Aside from a handful of blue athletic mats attached to the walls, the room is stark, and quiet. Figures in striped uniforms pass by the narrow windows set into white cinderblock walls.

Striped shirts litter the concrete floor and a group of seven men lie in shavasana, or corpse pose, on yoga mats, as Mandy speaks over soft music.

“The head can be its own kind of jail,” she says. 

That elicits laughter from some of the men and Mandy herself. After all, they’re in a recreation room in the Rappahannock-Shenandoah-Warren Regional Jail. 

But this group of men–and later on in the day, a group of women–meet weekly for Mandy’s hour-long yoga class because, to hear inmate Marco Brown put it, it’s better than commissary.

Despite any pre-conceived notions of “it’s just stretching” or “men don’t do yoga”, Brown says the inmates Mandy works with find the classes are helping them heal, one pose at a time.

“It’s not just for women per se, or for people outside the system,” said Brown. “In here, it creates peace.”

The jail began offering classes in January of 2018, when Mandy first reached out to the jail’s superintendent, Russ Gilkison. He admits he wasn’t sold on the idea of the Prison Yoga Project at first. The project, which utilizes trauma-informed yoga to reduce recidivism rates and promote rehabilitation, was founded by James Fox in 2002. 

“Really? Yoga in a Jail?” Gilkison recalls asking. “I’m not really sure. I’ve been doing this 20 years and I don’t have any experience in that.”
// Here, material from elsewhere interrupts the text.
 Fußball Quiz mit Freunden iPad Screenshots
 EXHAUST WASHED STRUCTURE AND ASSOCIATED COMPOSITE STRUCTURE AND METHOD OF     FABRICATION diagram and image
But he heard her out and realized yoga–a practice that engages the body, mind, and spirit–might help out his inmates. A year into the program and the testimonies from those who have taken the class are compelling.

Inmate Adam Lamma says he had never done yoga before taking Mandy’s class. Now, he says he does yoga every single day and in Wednesday’s class, he shows off shirshasana, or headstand pose, for the other inmates. Lamma appreciates the physical benefits of the practice, but says for him it’s bigger than that.

“Over 70 percent of jail and prison populations are people in due to drug and alcohol charges,” said Lamma. “Addiction is a disease, just like diabetes. And to me, yoga is to me what insulin is to a diabetic.”

While it was his first time in the jail’s class, Michael Meszaros is one of the few male inmates who has done yoga before. He says the jails he’s been in before never offered anything like Mandy’s class.

In an environment with few options, both the choice to take the class and the yoga itself provide a sense of control of Meszaros.

“Controlling the mental, the body, the breathing, the exercising, the unconsciousness, and just, understanding who you are,” he said. 

When she first started the program, Mandy admits she was nervous.

“I was afraid, afraid of the stripes. I didn’t know if I would be safe,” she said. But after spending time with the men and women in the program, she’s rooting for them when they are released.

Mandy has seen one of her students, a woman, out “in the streets” as the inmates call it. She says the woman was healthy and glowing, holding down a job. Seeing that re-affirmed her dedication to helping inmates tap into the best versions of themselves.

“Ninety-eight percent of them are going to get out,” she said. “When they get out, I want them to be in better shape than when they came in.”

*By her request, WDVM 25 is withholding Mandy’s real name, instead using the name she goes by during classes.